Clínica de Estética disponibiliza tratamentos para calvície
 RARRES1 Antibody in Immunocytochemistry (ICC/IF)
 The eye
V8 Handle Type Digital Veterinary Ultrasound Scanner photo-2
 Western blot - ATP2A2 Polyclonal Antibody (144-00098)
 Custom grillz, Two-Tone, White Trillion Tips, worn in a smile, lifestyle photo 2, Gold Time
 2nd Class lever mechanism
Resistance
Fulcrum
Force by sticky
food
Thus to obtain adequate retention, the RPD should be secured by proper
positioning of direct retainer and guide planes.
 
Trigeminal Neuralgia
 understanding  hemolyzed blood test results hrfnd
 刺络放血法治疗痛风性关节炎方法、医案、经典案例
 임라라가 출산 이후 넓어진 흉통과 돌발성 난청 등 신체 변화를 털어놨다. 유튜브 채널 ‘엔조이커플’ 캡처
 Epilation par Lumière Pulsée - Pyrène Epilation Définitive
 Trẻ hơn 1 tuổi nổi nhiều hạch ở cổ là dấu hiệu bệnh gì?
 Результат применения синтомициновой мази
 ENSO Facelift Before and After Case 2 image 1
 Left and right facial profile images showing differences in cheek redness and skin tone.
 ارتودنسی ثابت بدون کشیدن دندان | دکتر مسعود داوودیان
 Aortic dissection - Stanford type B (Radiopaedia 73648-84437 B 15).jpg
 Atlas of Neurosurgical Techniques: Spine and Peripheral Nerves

◆ ABOUT THIS EXERCISE
What you give back must match the material word for word.

◆ RESPONSE AREA
Clínica de Estética disponibiliza tratamentos para calvície
 RARRES1 Antibody in Immunocytochemistry (ICC/IF)
 The eye
V8 Handle Type Digital Veterinary Ultrasound Scanner photo-2
 Western blot - ATP2A2 Polyclonal Antibody (144-00098)
 Custom grillz, Two-Tone, White Trillion Tips, worn in a smile, lifestyle photo 2, Gold Time
 2nd Class lever mechanism
Resistance
Fulcrum
Force by sticky
food
Thus to obtain adequate retention, the RPD should be secured by proper
positioning of direct retainer and guide planes.
 
Trigeminal Neuralgia
 understanding  hemolyzed blood test results hrfnd
 刺络放血法治疗痛风性关节炎方法、医案、经典案例
 임라라가 출산 이후 넓어진 흉통과 돌발성 난청 등 신체 변화를 털어놨다. 유튜브 채널 ‘엔조이커플’ 캡처
 Epilation par Lumière Pulsée - Pyrène Epilation Définitive
 Trẻ hơn 1 tuổi nổi nhiều hạch ở cổ là dấu hiệu bệnh gì?
 Результат применения синтомициновой мази
 ENSO Facelift Before and After Case 2 image 1
 Left and right facial profile images showing differences in cheek redness and skin tone.
 ارتودنسی ثابت بدون کشیدن دندان | دکتر مسعود داوودیان
 Aortic dissection - Stanford type B (Radiopaedia 73648-84437 B 15).jpg
 Atlas of Neurosurgical Techniques: Spine and Peripheral Nerves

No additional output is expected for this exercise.